Et donc, qu’est-ce que je suggère comme alternative au discours hautement médicalisé sur le suicide, celui qui continue à faire des envies suicidaires un révélateur indiscutable de folie? Peut-être qu’on réalise, et je parle ici autant des professionnels que du grand public, que les pensées suicidaires sont bien plus humaines et, dès lors, bien plus rationnelles, que ce qu’on a tendance à croire. Demander à quelqu’un s’il a déjà pensé au suicide est toujours mieux que d’éviter le sujet. Cela relève souvent d’une première intervention. Mais si la personne craint –légitimement– d’être vue comme malade mentale ou, pire, d’être hospitalisée de force pour ce qui sera perçu comme une pathologie, alors nous nous mettons le doigt dans l’œil si nous attendons d’elle une réponse honnête. Une réponse qui peut être terrible à entendre, mais je pense que sauver des vies exige un changement de direction radical. Une personne en souffrance doit pouvoir parler librement sans avoir l’impression que son interlocuteur est en train de soupeser cliniquement le moindre de ses mots.

De fait, pour beaucoup d’entre nous –et d’autant plus parmi les rationalistes– c’est l’idée que la vie est fondamentalement dénuée de sens, que le chaos est drôlement tangible et que nous ne sommes que de stupides créatures éphémères et imparfaites qui, ironiquement, nous offre le meilleur espoir contre le suicide. Car quelle autre option avons-nous? Parfois, nous devons accepter l’absurdité de la vie pour survivre à notre propre santé mentale. L’un des pièges les plus cruels de l’esprit suicidaire, c’est qu’il nous fait croire, au plus noir de nos heures les plus sombres, que les autres ne sont que des pantins unidimensionnels. Que la profondeur quasi illimitée des consciences qui nous entourent plie sous le poids de notre propre conscience, autocentrée jusqu’à l’intolérable. Une personne réellement suicidaire peut être serrée dans les bras d’un être cher et, quand même, avoir l’impression que mille océans les séparent. Sauf que cette bulle d’égoïsme peut, aussi, être crevée de la manière la plus inattendue qui soit.

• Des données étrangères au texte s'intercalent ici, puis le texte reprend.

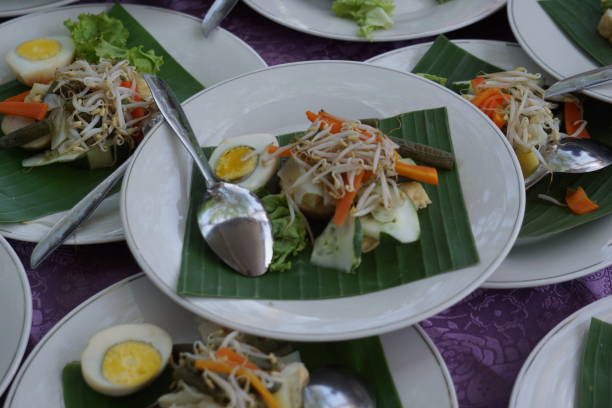 Gado-gado is a typical Indonesian food containing boiled vegetables, sliced eggs and tofu, sprinkled with fried onions and crackers and served with peanut sauce.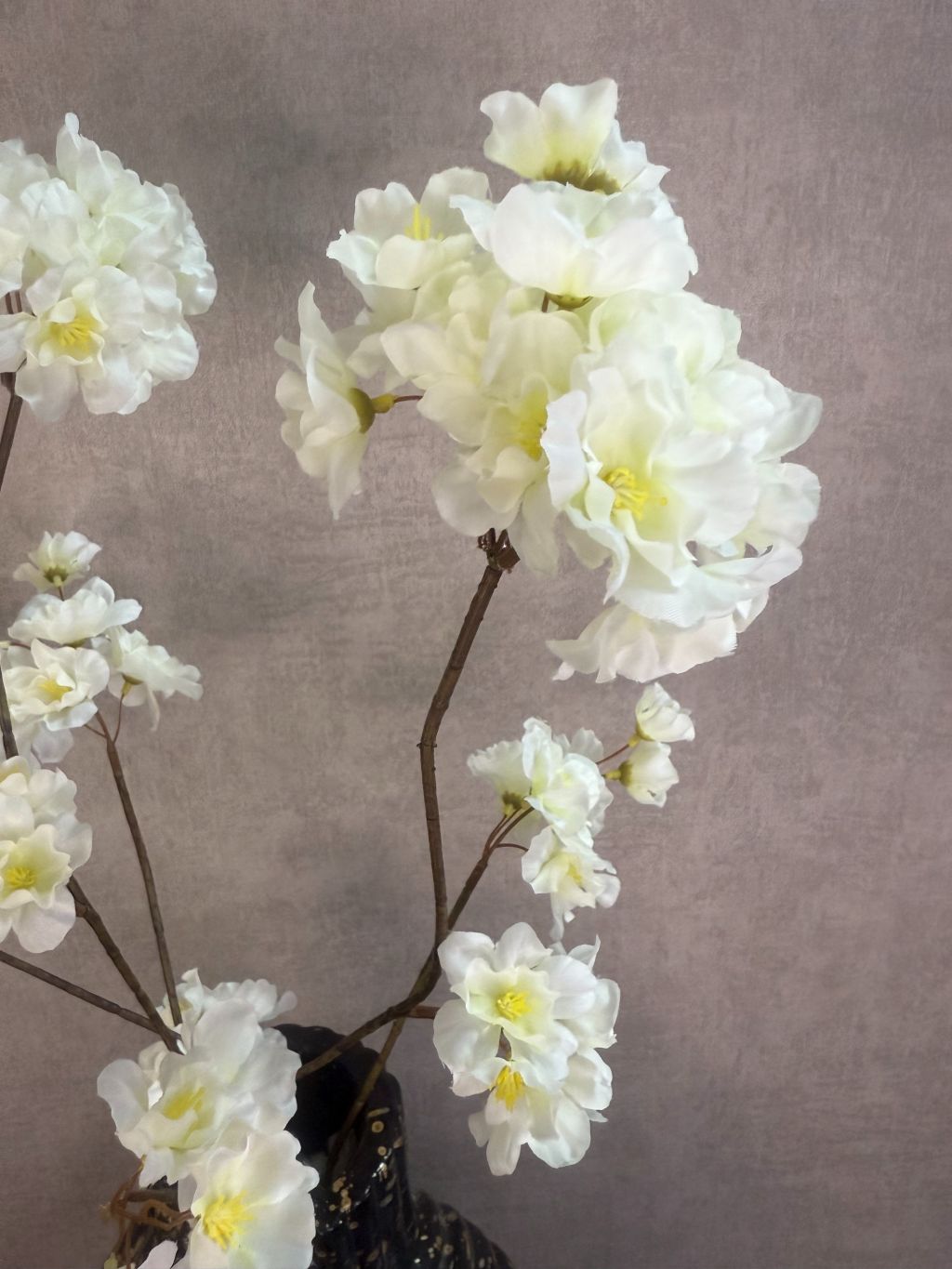 Tafel decoratie set Nelle – zwarte vaas met witte bloemen, goudkleurige schaal met amberblokjes en zwarte waxinelichthouders op rond dienblad.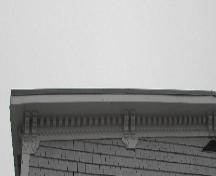 This image provides a view of the bracketed wood cornice ornamented by dentils and other decorative wood work, 2005; City of Saint John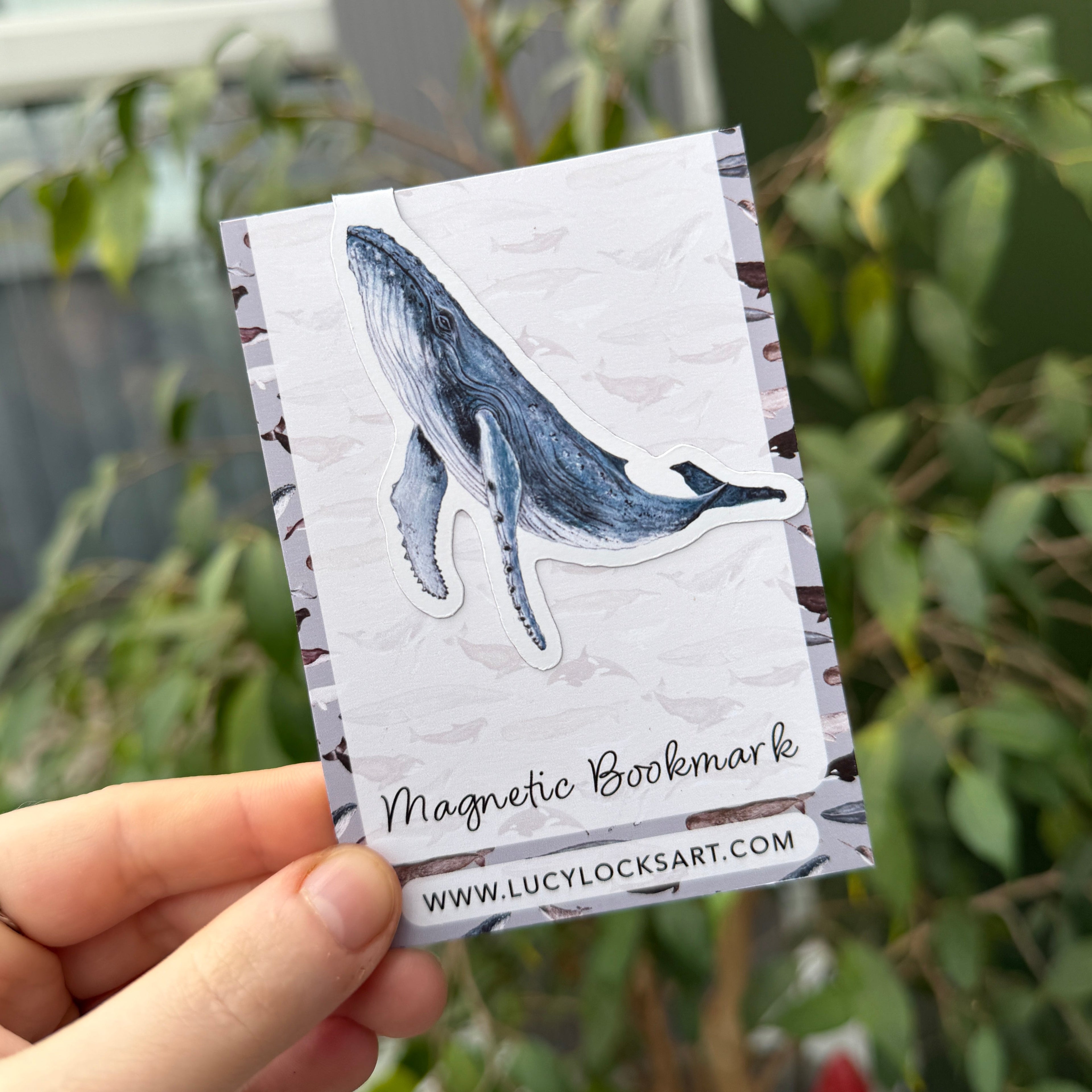 Hand holding a whale magnetic bookmark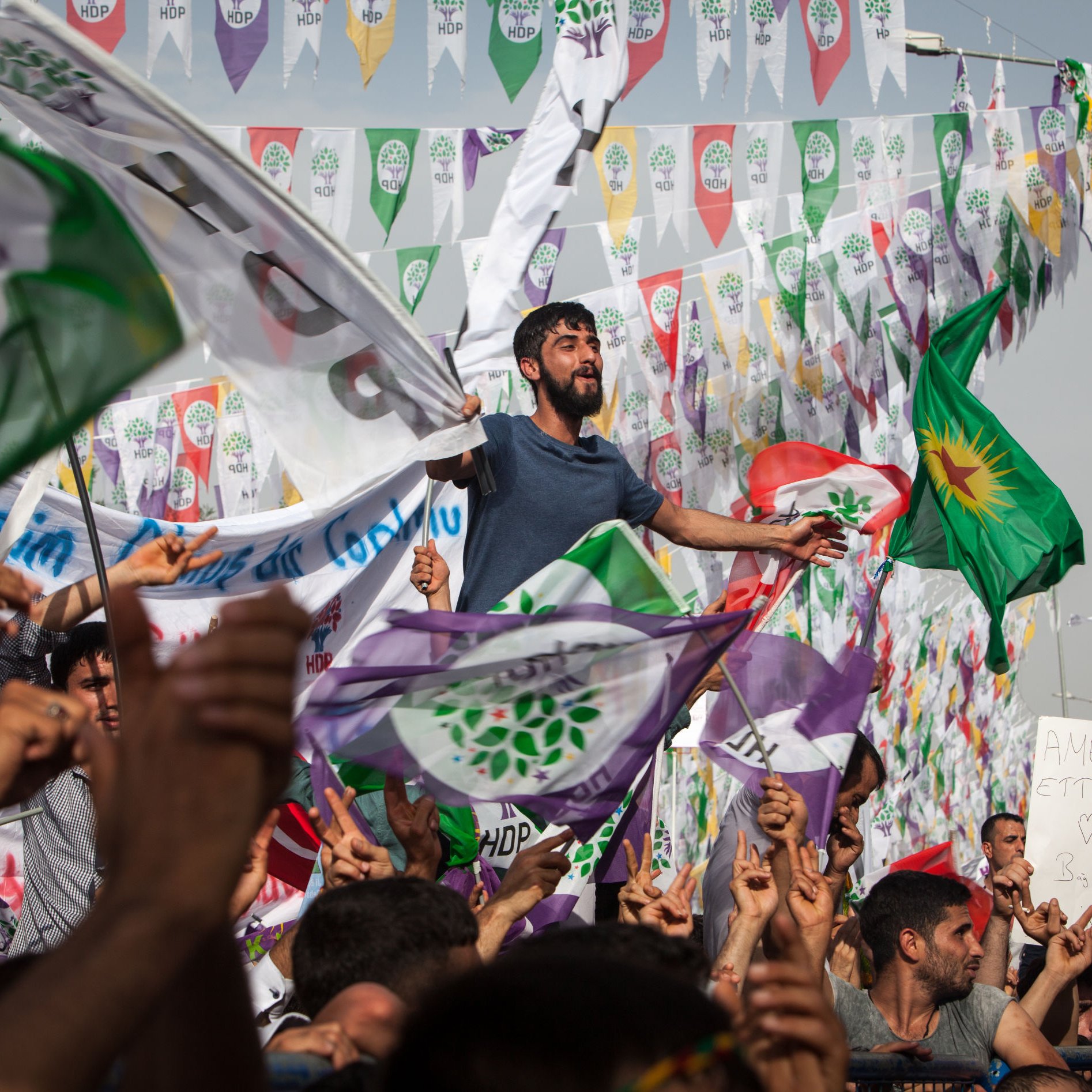 L'image montre une foule rassemblée lors d'un événement politique ou d'une manifestation. On peut voir des personnes brandissant des drapeaux, dont certains portent les couleurs et les symboles associés à un parti. L'ambiance semble festive et engagée, avec des individus visibles qui expriment leur enthousiasme, certains levant les bras ou chantant. En arrière-plan, des fanions colorés flottent, ajoutant à l'atmosphère vibrante de l'événement.
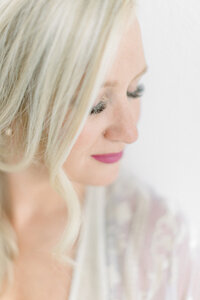 Close up light filled boudoir portrait of a woman wearing a lace robe as she looks to her side as her hair falls on her face.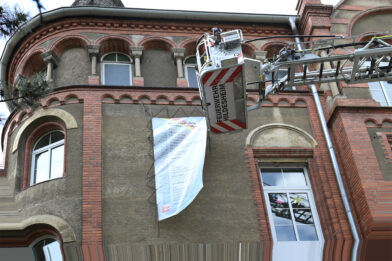 Das Lesezeichen an der Augustinus-Schule wird mit einem Leiterwagen angebracht.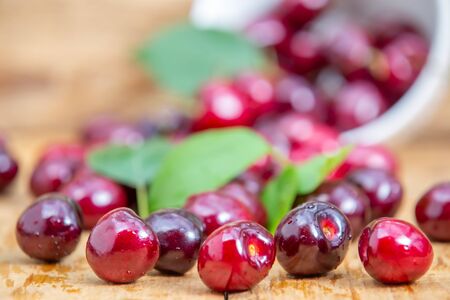 Fresh cherries in the white bowl on wood tableの写真素材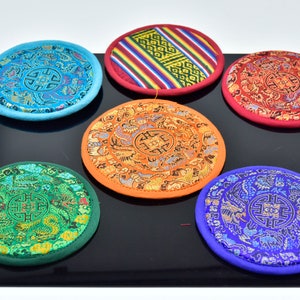 以下が含まれることがあります： 複雑な刺繍模様が施された丸い瞑想クッションが6つ。クッションは青、緑、オレンジ、赤、黄など様々な色で、幾何学模様と花柄が特徴です。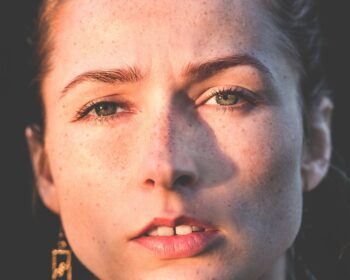 Image of a woman's face. The woman is suffering with an invisible illness, but you cannot see it. She looks fine. The purpose of the image is to show what an invisible illness is.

Un jour, alors que j’avais à peine 20 ans, je me suis retrouvé dans un supermarché bondé. Le monde autour de moi était en train de disparaître. Je me sentais perdu, déprimé, accablé par un drame que j’ai depuis longtemps oublié. L’imminence était là: il fallait que je meure. Et puis, alors que je fixais les rayonnages dans un état de sidération certain, j’ai senti une main à la fois ferme et bienveillante se poser sur mon avant-bras. J’ai tourné la tête et j’ai vu un petit vieux penché sur son caddie. «Sors une minute de toi-même et laisse-moi passer!», m’a-t-il dit en souriant. C’est une belle philosophie. Aujourd’hui encore, parfois éperdument, je fais tout mon possible pour la mettre en pratique.